I-69 is a couple of years from direct freeway access from Evansville to Indianapolis. However, Feemster points out, “if a company invested in a brand-new site today, allowing for 18 months of construction, the freeway will be close to completion by the time they open.”
Washington, IN invests in infrastructure: Jeff Quyle, President & Chief Operating Officer of Radius Indiana, observed that the opening of I-69 has helped many businesses near Washington, Indiana. “Grain Processing Corporation (GPC), a processing plant of ethanol-based alcoholic beverages just outside of Washington, is located a short drive from I-69. The freeway provides a benefit to GPC, both for receiving raw materials and for shipping finished product. The interstate also comes to the front door of Naval Support Activity Crane, a weapons production and development facility with over 5,500 employees.”
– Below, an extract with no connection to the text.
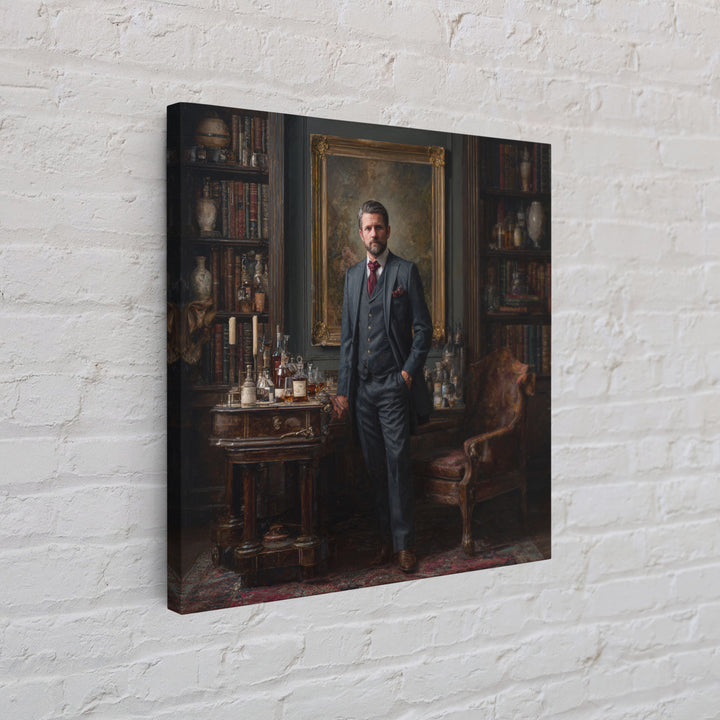 Dapper Gentleman In Antique Study Framed Canvas Print, Moody Portrait Oil Painting, Masculine Office Decor, Dark Academia Art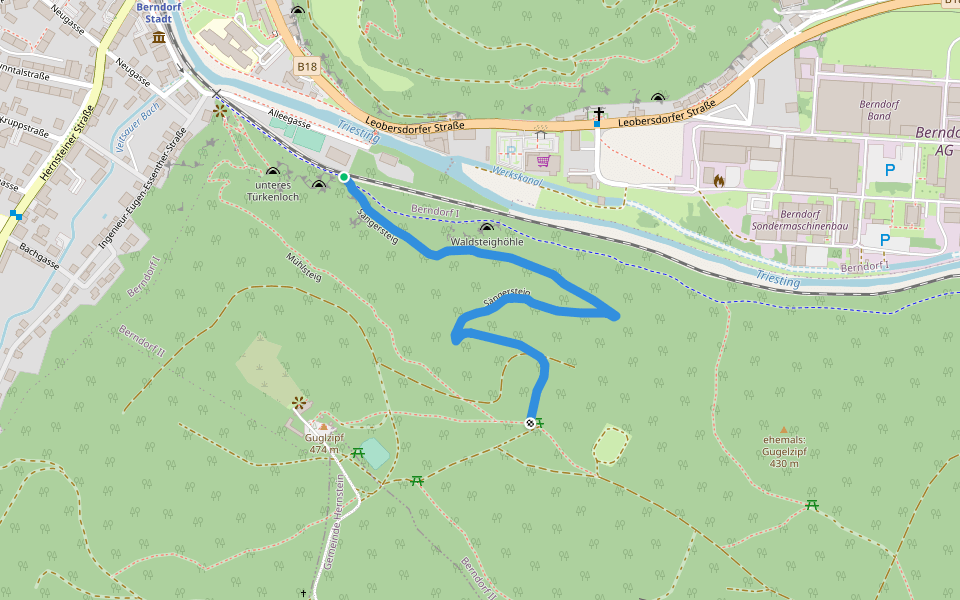Sängersteig walking route map in Berndorf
Westgate, a new technology park adjacent to Crane, is developing several new commercial business sites. “Both Westgate and Washington are taking advantage of the opportunity that I-69 offers. They are investing in a quality industrial, commercial and retail development on several hundred acres of land right off the interstate, with rail access and a shell building already under construction.” Thanks in part to infrastructure investments by Hoosier Energy, these sites will come pre-wired and power-ready. And the local electric distribution cooperative has offered zero-interest loans to assist in upgrading infrastructure.
Bloomington plans for growth: Bloomington is the site of Indiana University’s main campus and several local medical, life sciences and technology companies that ship their goods primarily by truck. “Since I-69 opened, the local workforce has a dramatically faster and safer commute,” said Lynn Coyne, President & Chief Executive Officer of the Bloomington Economic Development Corporation. “Once Section 5 is completed, Indianapolis will have easy access to Bloomington, which will enhance the educational opportunities for students and visitors.” Coyne credits Hoosier Energy for proactively preparing shovel ready sites and for marketing those sites.
“It’s still early,” said Anne Bono, Executive Director of Hoosier Voices for I-69, “but the potential is clear. When I-69 is complete, trucks will drive from Indianapolis to Bloomington in 38 minutes (about half the time of the current commute).”
Petersburg Invests in the Future: Fifty million people live within a 500-mile radius around Petersburg in Pike County, including Nashville, Atlanta, St. Louis, Indianapolis and Detroit—significant markets that I-69 will bring closer. “We are developing a mega-site of 8,000 acres, starting with 340 acres about a mile from the interchange and are working to get those sites shovel ready,” said Ashley Willis, Executive Director of the Pike County Economic Development Corporation. “We’re positioning ourselves to be an attractive location for agribusiness, logistics and manufacturing industries. We’re investing to be a significant competitor in the future. Utility partners like Hoosier Energy are helping Petersburg take steps so that its available sites have water and electrical infrastructure to support the demand.”
As I-69 rolls along, Hoosier Energy and its partner rural electric cooperatives will help their business communities develop sites that best take advantage of the economic opportunities of tomorrow.